Dass vor Urzeiten Dinosaurier dort lebten, wo heute Rumänien liegt, ist fast unvorstellbar. Doch eine neue Studie unter der Leitung der Berliner Paläontologin Verónica Díez Díaz förderte neue Funde zutage. Die neuesten Erkenntnisse verändern auch unser Bild von der Artenvielfalt dieser Tiere im Europa der Kreidezeit.

Über das Aussterben der Dinosaurier wissen Paläontologen, dass diese Periode am Ende der Kreidezeit, vor etwa 66 Millionen Jahren, einsetzte. Lange Zeit war jedoch unser Verständnis von dieser Periode stark von Fossilien aus Nordamerika wie zum Beispiel aus der Morrison- und der Hell-Creek-Formation geprägt. Neue Funde aus Rumänien aktualisieren das Bild, das wir von dieser Zeit und ihrer Vielfalt auf jener Insellandschaft, die es seinerzeit im Haţeg-Becken im heutigen Rumänien gegeben hat, hatten.

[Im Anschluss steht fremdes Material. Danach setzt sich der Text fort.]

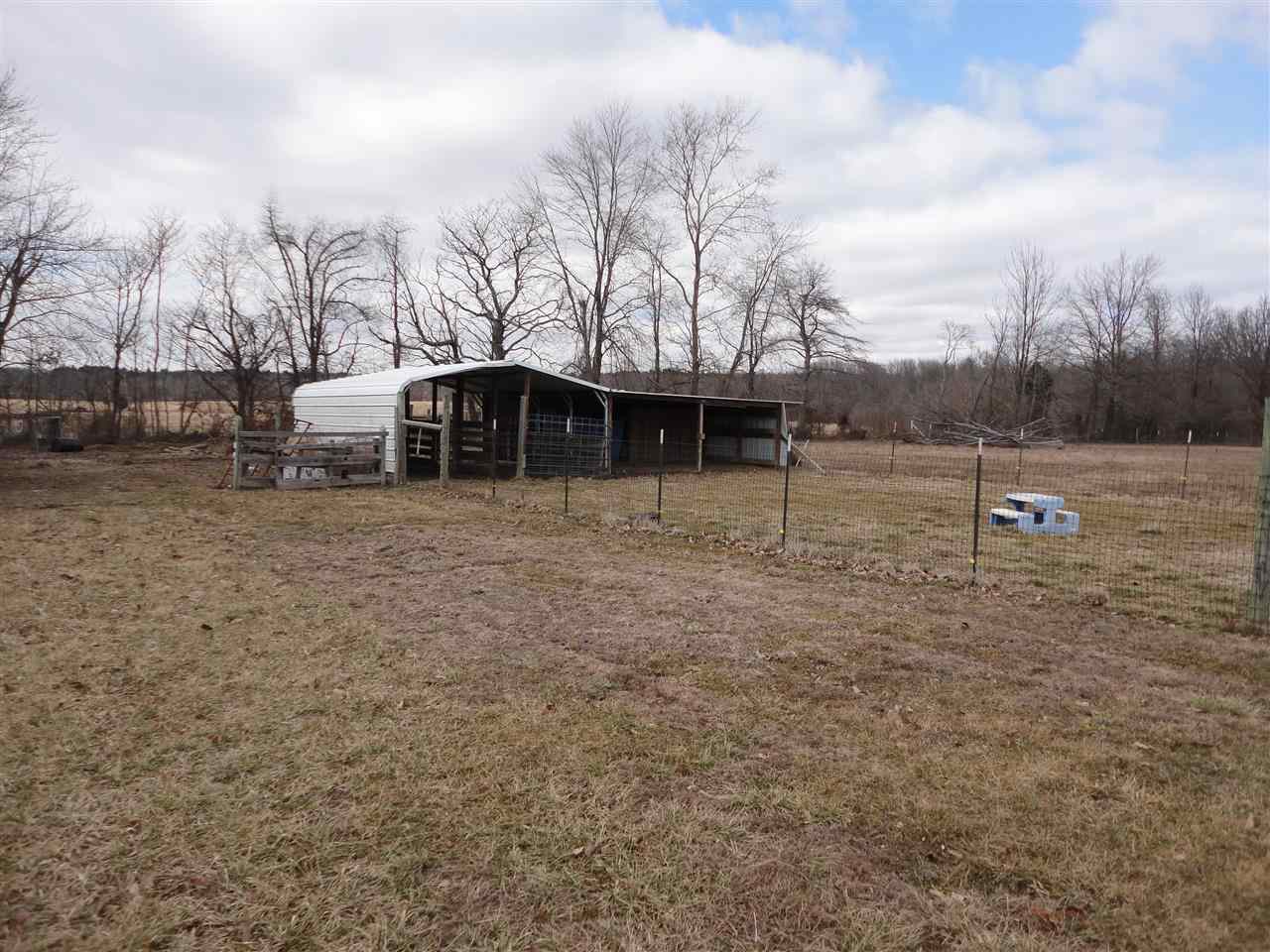 3900 Gentry Road Boonville, IN 47601 - Photo 4 of 19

Eine 126 Seiten lange Studie unter der Leitung von Verónica Díez Díaz, die vor Kurzem in der Fachzeitschrift „Journal of Systematic Palaeontology“ erschienen ist, ergab eine überraschende Erkenntnis: Auf der Haţeg-Insel im heutigen Rumänien herrschte eine hohe Vielfalt an Titanosauriern, die sich zudem in ihrer Größe voneinander unterschieden. Außerdem stellte das Team um Díez Díaz fest, dass sich die Diversität und Größe auf die geografische Verbreitung der Riesensaurier auswirkte. „Wir haben so viele neue Erkenntnisse und Materialien über die Inselsauropoden (pflanzenfressende Langhalssaurier, Anm. d. Red.) gesammelt, dass wir weitere Untersuchungen machen müssen“, sagt Verónica Díez Díaz, angestellte Paläontologin am Museum für Naturkunde in Berlin. Finanziell unterstützt wurde ihre Forschungsarbeit von der britischen Royal Society und der US-amerikanischen Jurassic Foundation.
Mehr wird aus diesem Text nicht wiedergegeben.